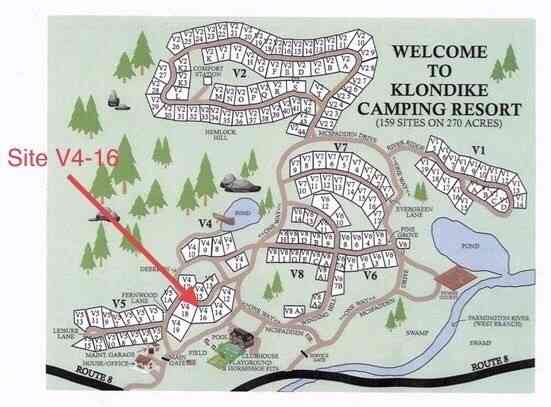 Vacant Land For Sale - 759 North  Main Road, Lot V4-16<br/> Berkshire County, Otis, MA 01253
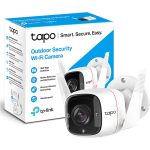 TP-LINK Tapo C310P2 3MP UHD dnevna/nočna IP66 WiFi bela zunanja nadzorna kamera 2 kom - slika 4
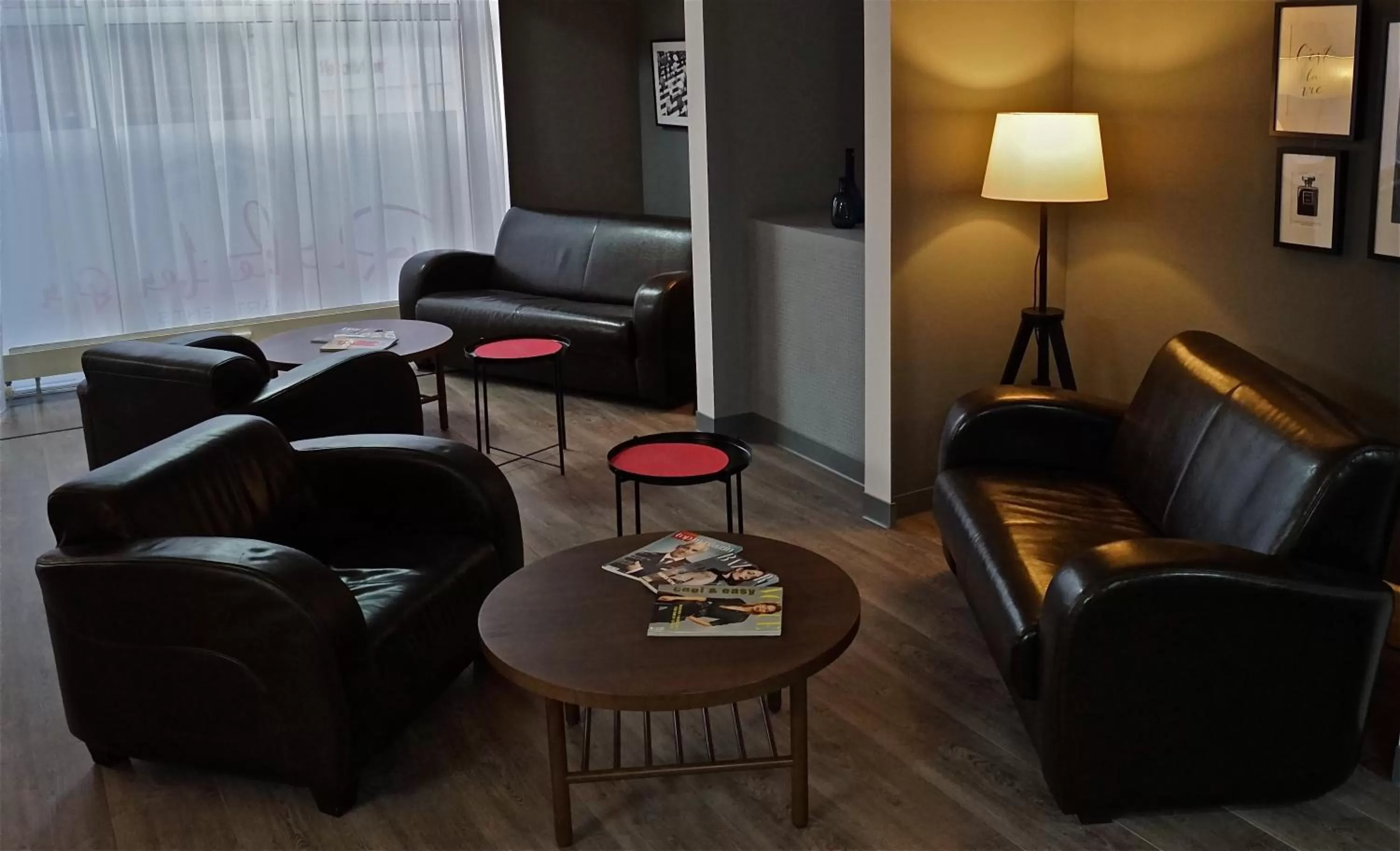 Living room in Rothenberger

****************************************

## What the task asks:
Extract, word for word, every line from the one containing "TP-LINK Tapo C310P2" to the end of the data above, both ends included, and leave out the pictures.

## Answer to this exercise:
 TP-LINK Tapo C310P2 3MP UHD dnevna/nočna IP66 WiFi bela zunanja nadzorna kamera 2 kom - slika 4
 Living room in Rothenberger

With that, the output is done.